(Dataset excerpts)
◇ ◇ ◇ ◇ ◇
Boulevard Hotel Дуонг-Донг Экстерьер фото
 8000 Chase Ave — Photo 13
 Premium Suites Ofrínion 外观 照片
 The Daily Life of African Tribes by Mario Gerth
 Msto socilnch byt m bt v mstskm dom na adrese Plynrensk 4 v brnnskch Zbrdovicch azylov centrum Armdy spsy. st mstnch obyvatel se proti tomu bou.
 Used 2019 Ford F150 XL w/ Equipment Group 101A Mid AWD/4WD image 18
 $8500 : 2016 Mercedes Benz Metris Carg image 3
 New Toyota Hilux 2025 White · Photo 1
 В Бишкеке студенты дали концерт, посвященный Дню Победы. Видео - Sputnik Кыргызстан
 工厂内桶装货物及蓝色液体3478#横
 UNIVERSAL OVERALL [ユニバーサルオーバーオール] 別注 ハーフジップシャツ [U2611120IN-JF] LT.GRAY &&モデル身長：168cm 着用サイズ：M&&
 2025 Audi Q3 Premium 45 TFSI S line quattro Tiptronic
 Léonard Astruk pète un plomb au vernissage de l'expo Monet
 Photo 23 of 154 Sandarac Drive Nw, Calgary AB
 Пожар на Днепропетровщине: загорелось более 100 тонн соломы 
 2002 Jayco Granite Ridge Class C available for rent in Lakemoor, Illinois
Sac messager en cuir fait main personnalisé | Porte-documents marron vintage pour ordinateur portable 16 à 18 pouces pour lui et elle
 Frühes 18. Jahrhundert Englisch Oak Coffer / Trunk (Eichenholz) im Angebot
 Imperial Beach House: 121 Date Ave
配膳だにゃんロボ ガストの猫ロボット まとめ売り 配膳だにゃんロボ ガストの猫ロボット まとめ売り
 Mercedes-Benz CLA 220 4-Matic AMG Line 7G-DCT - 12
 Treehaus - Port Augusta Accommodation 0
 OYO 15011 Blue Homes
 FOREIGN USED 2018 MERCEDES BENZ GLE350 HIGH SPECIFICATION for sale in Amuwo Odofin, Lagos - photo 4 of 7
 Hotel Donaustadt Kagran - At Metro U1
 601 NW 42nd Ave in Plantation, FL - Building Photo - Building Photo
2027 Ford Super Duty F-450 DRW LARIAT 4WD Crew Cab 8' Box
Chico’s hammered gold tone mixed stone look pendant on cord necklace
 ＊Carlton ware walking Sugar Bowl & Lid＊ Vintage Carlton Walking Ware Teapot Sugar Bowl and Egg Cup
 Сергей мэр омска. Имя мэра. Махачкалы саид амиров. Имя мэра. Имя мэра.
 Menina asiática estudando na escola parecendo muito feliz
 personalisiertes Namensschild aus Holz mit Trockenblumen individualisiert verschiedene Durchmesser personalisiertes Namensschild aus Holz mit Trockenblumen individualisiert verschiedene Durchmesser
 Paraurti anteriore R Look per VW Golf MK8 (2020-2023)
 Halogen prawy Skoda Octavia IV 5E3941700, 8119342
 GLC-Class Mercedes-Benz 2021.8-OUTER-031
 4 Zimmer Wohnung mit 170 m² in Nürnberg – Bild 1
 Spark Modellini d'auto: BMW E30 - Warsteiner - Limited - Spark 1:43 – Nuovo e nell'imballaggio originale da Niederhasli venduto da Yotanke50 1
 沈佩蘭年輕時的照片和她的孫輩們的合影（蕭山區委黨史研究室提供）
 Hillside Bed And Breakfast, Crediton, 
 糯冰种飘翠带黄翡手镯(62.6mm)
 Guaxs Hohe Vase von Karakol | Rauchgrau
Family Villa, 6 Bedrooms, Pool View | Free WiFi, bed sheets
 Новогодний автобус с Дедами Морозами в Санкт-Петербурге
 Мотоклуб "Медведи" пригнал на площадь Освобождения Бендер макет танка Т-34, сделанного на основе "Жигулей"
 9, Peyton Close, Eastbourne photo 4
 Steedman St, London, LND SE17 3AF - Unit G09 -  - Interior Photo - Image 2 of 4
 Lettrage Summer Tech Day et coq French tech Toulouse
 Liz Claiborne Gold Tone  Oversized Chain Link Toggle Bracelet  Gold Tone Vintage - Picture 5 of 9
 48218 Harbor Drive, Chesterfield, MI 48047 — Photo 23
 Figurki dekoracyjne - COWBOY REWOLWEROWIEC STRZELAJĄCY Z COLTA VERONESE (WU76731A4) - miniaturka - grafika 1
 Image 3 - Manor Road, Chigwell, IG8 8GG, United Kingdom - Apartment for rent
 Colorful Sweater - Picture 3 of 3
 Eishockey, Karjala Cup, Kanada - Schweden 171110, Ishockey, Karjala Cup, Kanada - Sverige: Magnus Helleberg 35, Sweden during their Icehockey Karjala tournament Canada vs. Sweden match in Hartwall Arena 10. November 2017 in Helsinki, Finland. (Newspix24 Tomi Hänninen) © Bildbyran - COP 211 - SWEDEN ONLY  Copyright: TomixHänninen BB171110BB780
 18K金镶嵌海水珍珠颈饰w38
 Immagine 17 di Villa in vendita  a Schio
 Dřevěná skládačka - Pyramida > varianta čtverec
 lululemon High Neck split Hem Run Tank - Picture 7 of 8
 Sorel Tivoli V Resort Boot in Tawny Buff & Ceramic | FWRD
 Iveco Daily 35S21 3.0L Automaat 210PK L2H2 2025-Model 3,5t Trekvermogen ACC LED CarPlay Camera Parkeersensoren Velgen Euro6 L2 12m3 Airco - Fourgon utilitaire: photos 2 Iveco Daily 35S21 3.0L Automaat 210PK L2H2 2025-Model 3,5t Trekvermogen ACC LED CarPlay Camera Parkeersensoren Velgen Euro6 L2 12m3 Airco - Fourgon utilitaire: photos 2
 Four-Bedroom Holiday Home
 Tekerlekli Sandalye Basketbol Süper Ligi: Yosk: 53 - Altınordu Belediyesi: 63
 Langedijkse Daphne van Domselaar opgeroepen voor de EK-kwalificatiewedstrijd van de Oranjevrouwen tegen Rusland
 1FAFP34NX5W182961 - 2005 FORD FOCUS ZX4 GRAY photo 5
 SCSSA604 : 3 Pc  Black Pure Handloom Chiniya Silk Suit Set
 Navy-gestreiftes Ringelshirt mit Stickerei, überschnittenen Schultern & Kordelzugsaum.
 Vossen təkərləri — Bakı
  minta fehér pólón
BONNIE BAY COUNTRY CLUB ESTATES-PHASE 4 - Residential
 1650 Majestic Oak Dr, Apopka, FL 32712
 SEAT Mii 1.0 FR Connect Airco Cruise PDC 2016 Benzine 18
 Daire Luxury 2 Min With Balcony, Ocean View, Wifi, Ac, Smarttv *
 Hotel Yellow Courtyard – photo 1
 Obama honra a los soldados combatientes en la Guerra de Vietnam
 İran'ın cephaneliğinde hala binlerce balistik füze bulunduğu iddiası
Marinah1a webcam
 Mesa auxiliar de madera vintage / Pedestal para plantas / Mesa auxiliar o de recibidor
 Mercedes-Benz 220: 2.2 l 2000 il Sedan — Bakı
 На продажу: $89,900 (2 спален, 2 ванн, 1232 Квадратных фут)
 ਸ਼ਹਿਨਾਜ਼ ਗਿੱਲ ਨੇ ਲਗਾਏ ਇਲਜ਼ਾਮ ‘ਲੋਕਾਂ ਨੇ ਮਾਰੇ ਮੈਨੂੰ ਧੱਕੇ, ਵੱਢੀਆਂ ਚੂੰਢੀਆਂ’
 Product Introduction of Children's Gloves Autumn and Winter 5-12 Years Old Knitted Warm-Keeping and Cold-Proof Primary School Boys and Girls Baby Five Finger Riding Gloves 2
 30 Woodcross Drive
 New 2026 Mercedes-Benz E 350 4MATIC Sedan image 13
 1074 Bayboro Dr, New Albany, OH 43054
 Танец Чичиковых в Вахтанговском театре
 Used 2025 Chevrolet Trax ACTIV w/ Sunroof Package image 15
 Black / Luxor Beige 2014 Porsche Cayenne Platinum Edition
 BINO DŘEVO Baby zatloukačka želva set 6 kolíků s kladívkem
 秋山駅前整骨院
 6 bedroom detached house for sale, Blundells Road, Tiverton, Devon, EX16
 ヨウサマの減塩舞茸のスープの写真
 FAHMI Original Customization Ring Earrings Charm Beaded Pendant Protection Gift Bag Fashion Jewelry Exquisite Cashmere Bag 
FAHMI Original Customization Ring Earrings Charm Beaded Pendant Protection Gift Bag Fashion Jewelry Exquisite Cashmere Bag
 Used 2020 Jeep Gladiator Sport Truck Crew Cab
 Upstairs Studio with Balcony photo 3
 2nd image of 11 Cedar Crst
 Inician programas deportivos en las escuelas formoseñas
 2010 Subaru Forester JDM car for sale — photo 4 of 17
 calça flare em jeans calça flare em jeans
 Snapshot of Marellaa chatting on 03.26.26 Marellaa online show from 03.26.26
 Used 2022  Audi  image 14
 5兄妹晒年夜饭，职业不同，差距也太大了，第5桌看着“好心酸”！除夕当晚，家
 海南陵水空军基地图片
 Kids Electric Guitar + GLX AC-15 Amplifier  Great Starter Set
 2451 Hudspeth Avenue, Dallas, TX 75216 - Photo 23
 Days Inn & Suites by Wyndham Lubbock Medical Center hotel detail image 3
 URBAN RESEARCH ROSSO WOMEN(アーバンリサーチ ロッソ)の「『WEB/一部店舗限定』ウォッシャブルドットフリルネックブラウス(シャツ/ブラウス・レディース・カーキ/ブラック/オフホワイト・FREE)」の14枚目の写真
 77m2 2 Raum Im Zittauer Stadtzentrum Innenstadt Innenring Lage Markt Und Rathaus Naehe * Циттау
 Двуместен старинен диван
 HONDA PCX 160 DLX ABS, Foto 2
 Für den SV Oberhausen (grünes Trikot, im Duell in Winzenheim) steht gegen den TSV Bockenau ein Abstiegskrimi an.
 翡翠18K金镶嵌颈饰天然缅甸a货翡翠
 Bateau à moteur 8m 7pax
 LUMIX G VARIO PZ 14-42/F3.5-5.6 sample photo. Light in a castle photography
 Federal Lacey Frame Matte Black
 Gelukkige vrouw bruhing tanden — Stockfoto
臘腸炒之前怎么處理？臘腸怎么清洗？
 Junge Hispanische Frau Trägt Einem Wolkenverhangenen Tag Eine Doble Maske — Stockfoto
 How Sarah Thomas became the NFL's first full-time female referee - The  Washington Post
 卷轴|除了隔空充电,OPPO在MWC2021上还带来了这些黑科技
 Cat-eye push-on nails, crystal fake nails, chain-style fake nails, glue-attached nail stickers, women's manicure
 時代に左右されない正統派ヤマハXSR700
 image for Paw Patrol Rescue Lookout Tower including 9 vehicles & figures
◇ ◇ ◇ ◇ ◇
— Requirement —
From the records above, print only the lines between the one holding "工厂内桶装货物及蓝色液体3478#横" and the one holding "and Egg Cup", inclusive, exactly as they stand.

— Answer area —
 工厂内桶装货物及蓝色液体3478#横
 UNIVERSAL OVERALL [ユニバーサルオーバーオール] 別注 ハーフジップシャツ [U2611120IN-JF] LT.GRAY &&モデル身長：168cm 着用サイズ：M&&
 2025 Audi Q3 Premium 45 TFSI S line quattro Tiptronic
 Léonard Astruk pète un plomb au vernissage de l'expo Monet
 Photo 23 of 154 Sandarac Drive Nw, Calgary AB
 Пожар на Днепропетровщине: загорелось более 100 тонн соломы 
 2002 Jayco Granite Ridge Class C available for rent in Lakemoor, Illinois
Sac messager en cuir fait main personnalisé | Porte-documents marron vintage pour ordinateur portable 16 à 18 pouces pour lui et elle
 Frühes 18. Jahrhundert Englisch Oak Coffer / Trunk (Eichenholz) im Angebot
 Imperial Beach House: 121 Date Ave
配膳だにゃんロボ ガストの猫ロボット まとめ売り 配膳だにゃんロボ ガストの猫ロボット まとめ売り
 Mercedes-Benz CLA 220 4-Matic AMG Line 7G-DCT - 12
 Treehaus - Port Augusta Accommodation 0
 OYO 15011 Blue Homes
 FOREIGN USED 2018 MERCEDES BENZ GLE350 HIGH SPECIFICATION for sale in Amuwo Odofin, Lagos - photo 4 of 7
 Hotel Donaustadt Kagran - At Metro U1
 601 NW 42nd Ave in Plantation, FL - Building Photo - Building Photo
2027 Ford Super Duty F-450 DRW LARIAT 4WD Crew Cab 8' Box
Chico’s hammered gold tone mixed stone look pendant on cord necklace
 ＊Carlton ware walking Sugar Bowl & Lid＊ Vintage Carlton Walking Ware Teapot Sugar Bowl and Egg Cup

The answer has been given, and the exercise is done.